2. Which part has the most leaps (intervals greater than +2 or less than -2)?
3. Which stepwise direction is more common in each voice, going up a step or down a step? A "step" should be considered the sum of the "m2" and "M2" categories.
4. Is it more common to leap up or down in each voice (sum all of the [most common] intervals above +2/below -2)?
1.2 Melodic sequences
This section uses the Humdrum Tools' "context" command to examine successive pairs of melodic intervals. Here is an example of extracting the two-interval melodic sequences (representing three notes) in the tenor part:
extractx -s 2 *.krn | mint | grep -v [r= | context -n 2 | ridx -H | \ sortcount -pv --min 0.5 \ -T "3-note melodic sequences in the tenor part" > analysis.html
This should be the resulting plot:
Notice that the most common two-interval (three-note) sequence is "-M2 -m2", meaning down a major second and then down a minor second.

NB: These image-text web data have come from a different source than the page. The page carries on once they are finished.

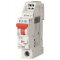 EATON Electric Leitungsschutzschalter PLI-B10/1 B10A 1polig (Steckkl.)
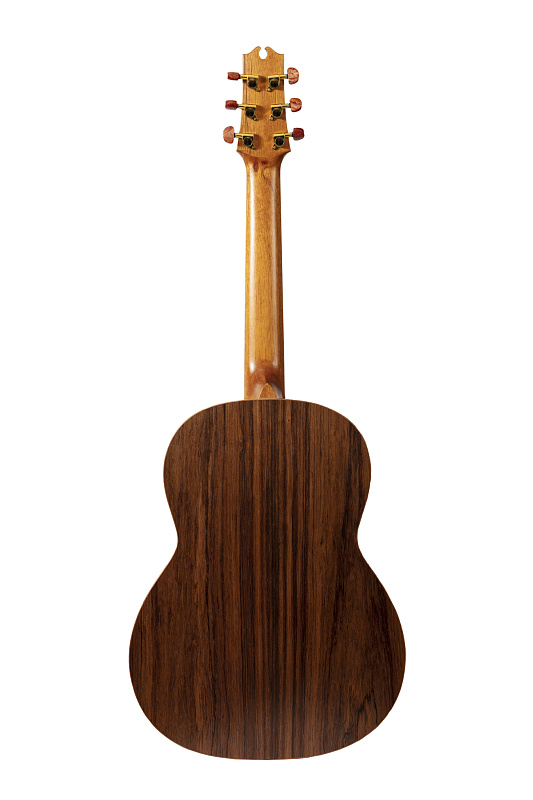 Фото NewTone N17 GA AS N RW 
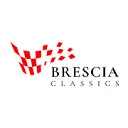 Logo Brescia Classics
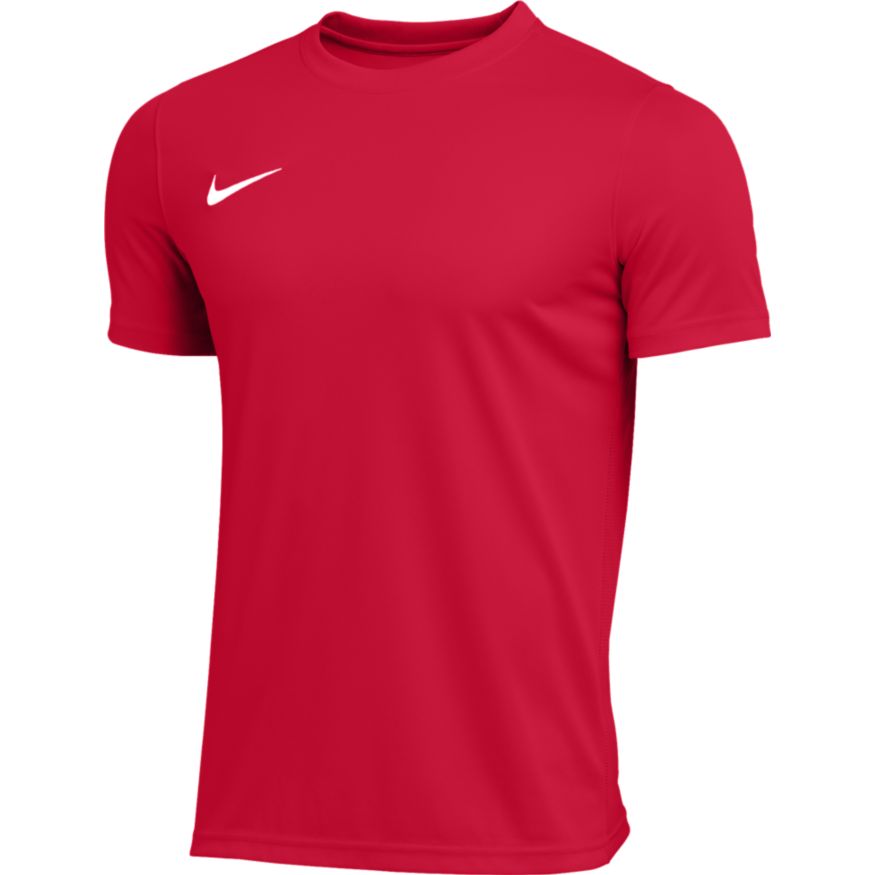 Nike Park VII Jersey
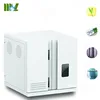 Safe Lab Use Water Sample Detection Total Organic Carbon Analyzer / Good Price Medical TOC Analyzer / Carbon Analsis Machine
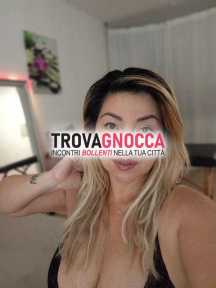 piazza dogana 😘💦 stupenda bionda_foto 💯 autentica curva sogno e bocca irresistibile 🔥❣️😘💋💋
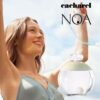 Cacharel - Noa - Eau de Toilette Women's Perfume - Long Lasting, Zen Fragrance for Every Occasion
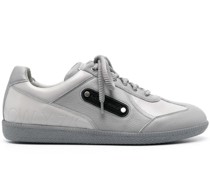 A-COLD-WALL* Army Shard Low Sneakers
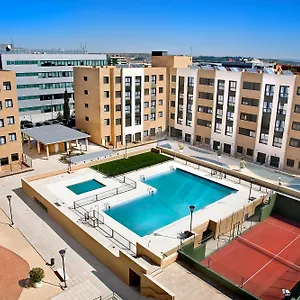https://compostela-suites.besthotelstoledo.com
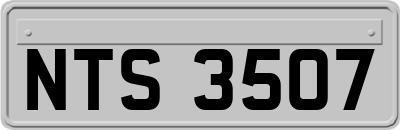 NTS3507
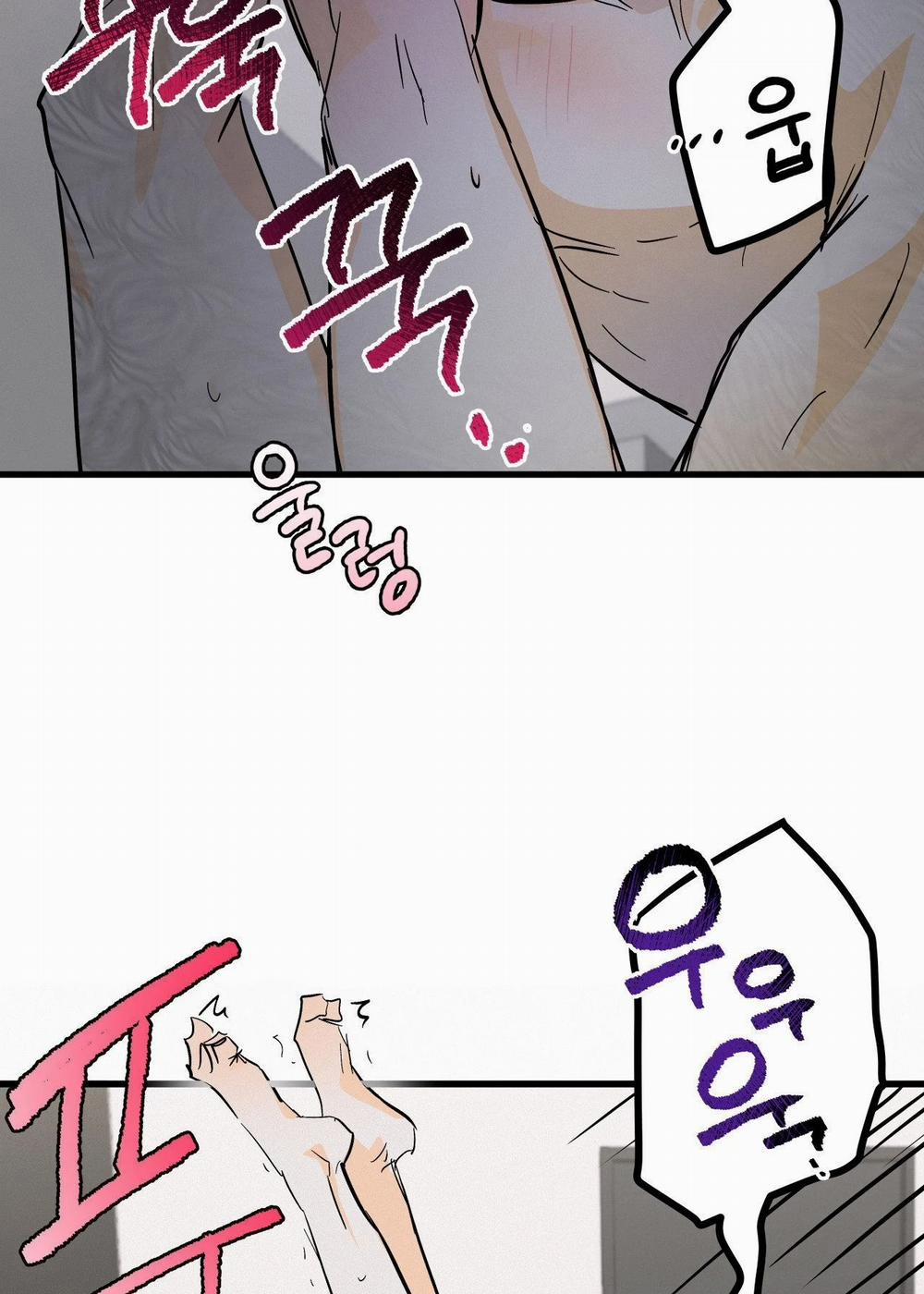 [18+] Lại Là Nói Dối 5.2 trang 28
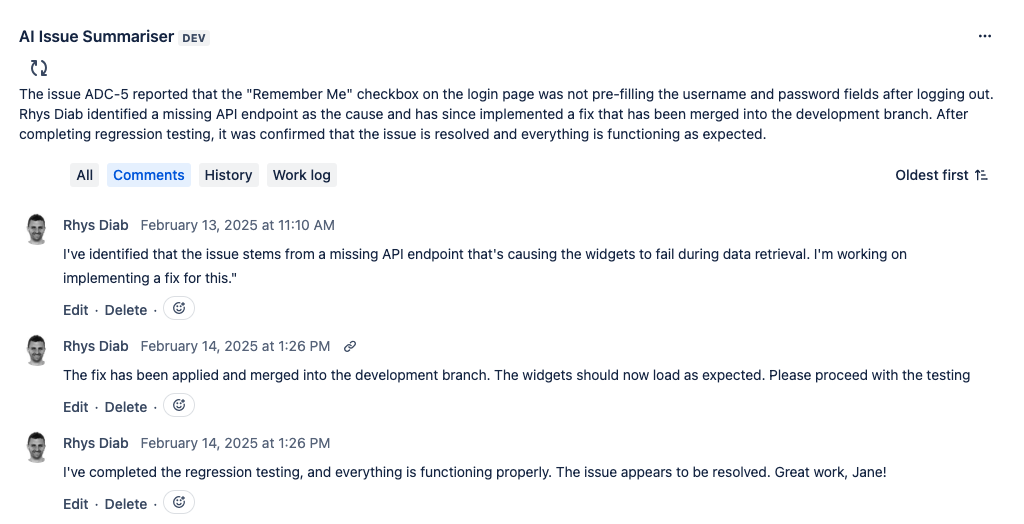 summarise-comments.png summarise-comments.png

Create similar plots for the other voices.
5. What is the most common two-interval melodic sequence for each voice?
6. What is the most common two-interval melodic sequence for each voice that contains a leap (an interval of 3 or higher)?
1.3 Harmonic intervals
Here is an example of how to extract the harmonic intervals between the soprano and bass parts:
extractx -s 1,4 *.krn | hint | ridx -H | grep -v [r-] | \ sortcount -pv -T "Harmonic intervals between Soprano and Bass" \ --sort interval > analysis.html
This plot should be displayed when opening up the generated HTML file:
Make plots comparing each pair of parts bass (spine 1), tenor (spine 2), alto (spine 3), and soprano (spine 4), which is a total of 6 plots.
7. What is the most common harmonic interval between each part pair?
1.4 Scale Degrees
Here is an example of how to calculate the most common diatonic scale degrees in all parts for the Bach chorale data set:
serialize *.krn | deg -a | ridx -H | grep -v r \ | sed 's/[^1-7]//g' | sortcount -p
which should generate this data:
18.85 5 18.24 1 14.53 3 13.08 2 12.46 4 12.32 7 10.51 6
The most common scale degree is the 5th degree (G in the key of C), followed closely by the 1st scale degree (C in the key of C).
And here is an example of how to calculate the frequencies of scale degress in a particular part:
extractx -s 2 *.krn | deg -a | ridx -H | grep -v r | sed 's/[^1-7]//g' | sortcount -p
8. What is the most common scale degree for each part?
9. If each part were to sing their most common note in C major, what [chord] should we hear?
10. Use the context tool to calculate the most common three-interval (four-note) melodic sequence in all parts.